This Is What "ALWAYS" Happens Before a Currency Reset (Act Now)
Nick Bencino Markets
Nick's Historical Signs of a US Dollar Reserve Currency Reset
The video, presented by professional investor and trader Nick, contends that the US dollar is beginning to lose its status as global reserve currency, mirroring patterns from prior monetary resets over the past 300 years. Nick cites four recurring signs that prelude the demise of reserve currencies, drawing parallels from the Dutch Guilder's collapse in the 1700s, the British pound's fall post-World Wars, and current US conditions.
Nick explains that global reserve currencies enable their holders to print money while others must earn it, a privilege known as 'exorbitant privilege'. However, previous currencies holding this status—Dutch Guilder, pound sterling, and others—ultimately lost it following four critical developments:
- Unpayable Debt: Wars or excessive borrowing led to insurmountable debt. Today's US debt stands at $39.7 trillion, with annual interest above $1 trillion, surpassing military spending and outpacing GDP.
- Words vs. Actions: Governments historically reassured their citizens while secretly undermining confidence. Nick notes US officials' repeated claims for a "strong dollar" and promises that "inflation is going back to 2%", despite official inflation figures at 4.2% or higher.
- Trapping Holders: Previous empires restricted currency holders' ability to exit—a practice now echoed in the US through the Genius Act (July last year), which mandates regulated stablecoins to be backed by US government debt, effectively forcing digital dollar issuers to buy treasuries and banning interest for stablecoin holders.
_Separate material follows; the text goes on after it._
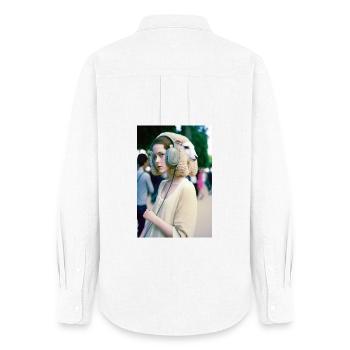 Anthropomorph 10 - Frauen Oxford Hemd - Weiß - Hinten - AI Model Female 172 light (172cm)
- Quiet Moves by Foreign Holders: Reserve flips are not announced; global central banks quietly reduce their exposure, buy gold, or switch to local arrangements. The dollar share of global reserves fell from 72% (2001) to around 56-57%. Foreign central banks now hold more gold than US Treasuries, and China, Saudi Arabia, and India are diversifying away from USD.
Nick argues that, unlike prior shifts, there is no ready successor (yuan, euro, pound) for the dollar, leading countries to diversify into "local trade deals, neutral reserves, and real assets like gold and silver." These transitions may take decades, as with the pound's 40-50 year decline, yet the trend is clear.
For personal positioning, Nick has reduced US stock exposure, selling SPX in favor of global indexes like WIG and World X US, and increased holdings in metals (gold, silver). He notes that billionaires are also increasing global exposure. Nick emphasizes that such portfolio moves align with the gradual rebalancing of global wealth amid dollar decline.